Mariëtte Kotzé: Drift apart in air
Size: 75cm x 60cm
Medium: Mixed media of ink wash movement on Yupo, digitally captured & printed on archival quality paper
*White frame included
"The themes of my work are determined by the unpremeditated result. When I started out using this technique it was mainly about the process and experimenting. Currently, looking at the works created after 5 years, all abstract in definition, I can divide them into categories, differentiating between abstract objects, a landscape looking spaces, earth textures, and colorful compositions that resemble a mood or song.
My scanogram paintings are created through the combination of ink and water puddling, adding solvents to extend and retard the ink’s natural tendency to bloom and creep, and also changing its colour. The results are captured using a Dual-lens scanner system, acting as a macro lens and paint surface simultaneously.
Focusing on the activity of the artistic process, I create my internal landscapes through digitizing ink wash movements with a macro lens. My work questions photography by capturing images that can never be created again.
I draw inspiration from Wassily Kandinsky’s writings regarding the spiritual in art, which influenced the work of the Abstract expressionists, as well as Japanese Zen calligraphy, which focuses on the meditative process of art-making and the expression of the subconscious mind.
Through my work, I aim to focus attention on Time as an ephemeral concept, by allowing the viewer to appreciate the transient moment in full by looking closer. I then shift the focus towards the beauty of accumulated time, where the creative journey and process becomes more important than the end product." Mariëtte Kotzé
Mariëtte Kotzé is a Cape Town-based artist interested in ink-wash painting and alternative photography. After matriculating from Overberg High (Caledon) she qualified with a Btech degree in Interior Design and a diploma in Fine Art from Ruth Prowse School of Art in 2015.

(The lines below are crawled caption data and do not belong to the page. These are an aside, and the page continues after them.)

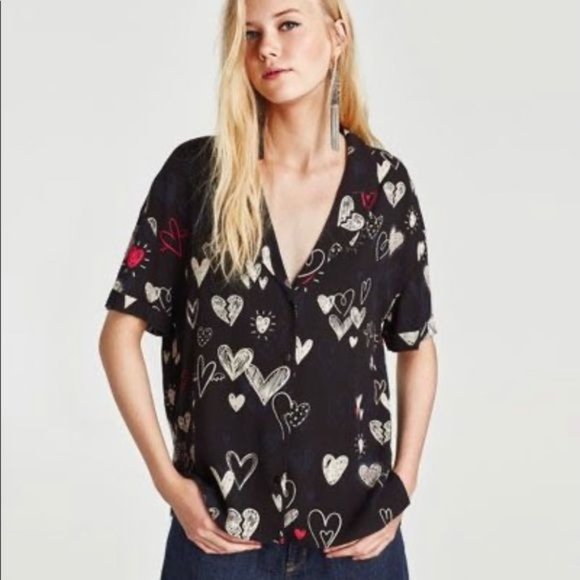 Zara Black Heart Print Button Down Boxy Top Short Sleeve Shirt - Small - Picture 1 of 7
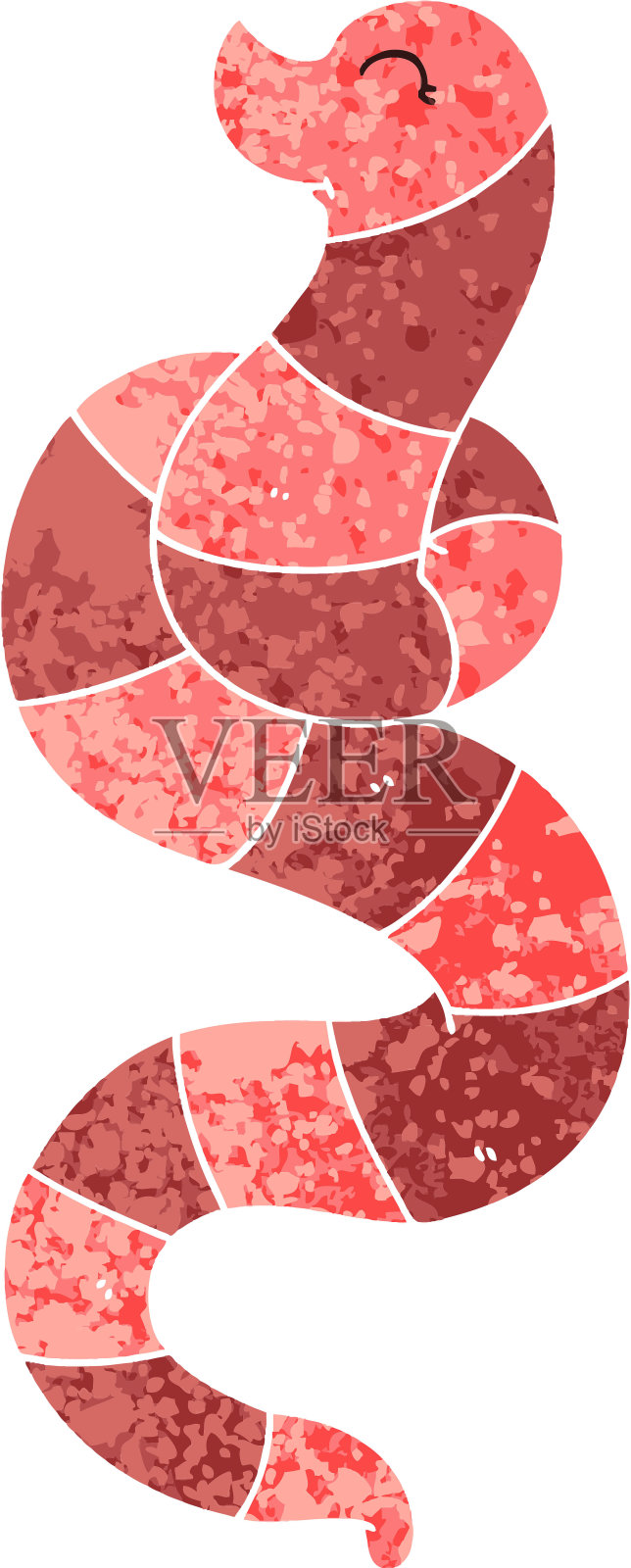 复古插画风格古怪的卡通蠕虫插画图片素材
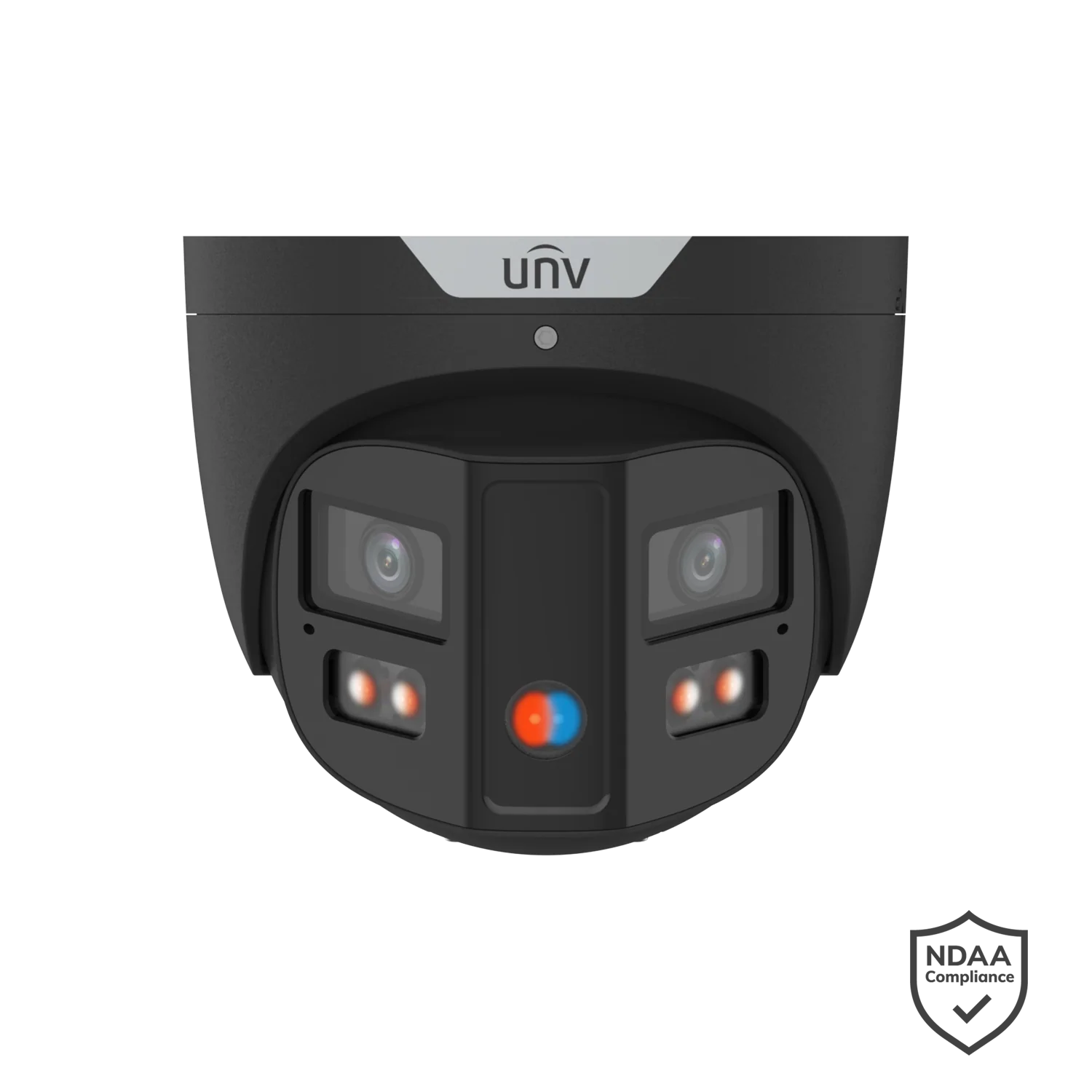 UNV IP Camera Prime-III Series 8MP Dual Lens 180 Degree with AI People Counting, ColorHunter, Wise-ISP IR+Warm LED - Black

The focus of her work is on the ephemeral concept of Time: a transient moment is captured on the paper or lens surface, where ink and various translucent fluids are intermixed. The results of these reactions are then digitally captured, recording the movement of the pigmented molecules breaking up, each with its distinct character. Mariëtte Kotzé's work questions photography by capturing images that can never be created again while exploring process and repetition as meditative instruments in art-making.